━━━ DATA FOR THIS TASK
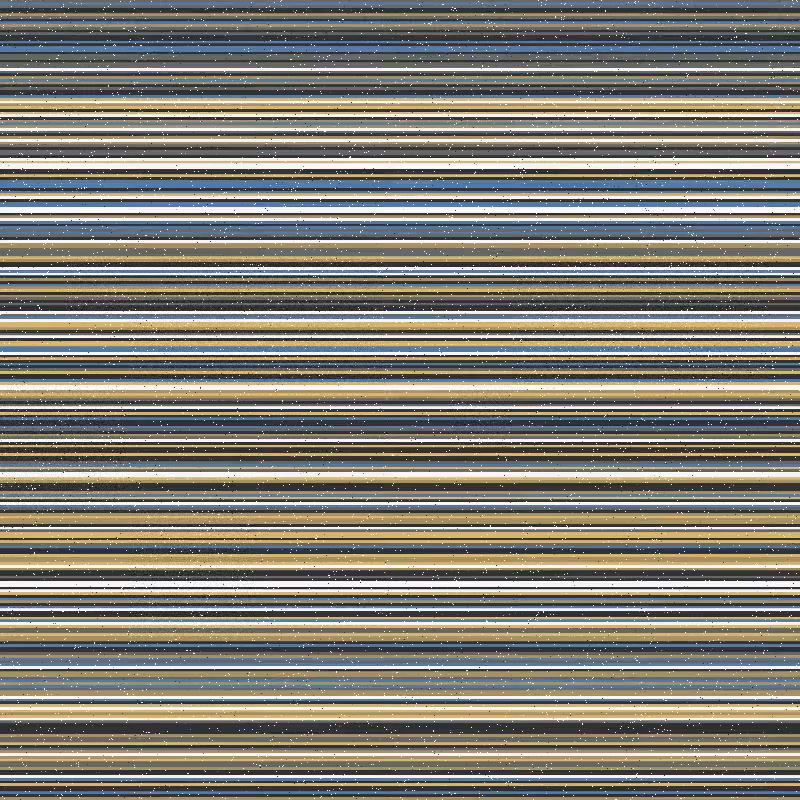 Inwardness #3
━━━━━━
━━━ DATA FOR THIS TASK
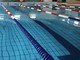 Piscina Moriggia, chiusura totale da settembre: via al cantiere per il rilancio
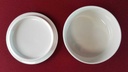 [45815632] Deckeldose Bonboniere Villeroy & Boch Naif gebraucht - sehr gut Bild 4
━━━━━━
DESCRIPTION OF THE TASK – The expected output is the lines above from the one containing "Piscina Moriggia, chiusura" to the one containing "[45815632] Deckeldose Bonboniere", both ends included, reproduced exactly with every picture left out.

TASK RESPONSE –
 Piscina Moriggia, chiusura totale da settembre: via al cantiere per il rilancio
 [45815632] Deckeldose Bonboniere Villeroy & Boch Naif gebraucht - sehr gut Bild 4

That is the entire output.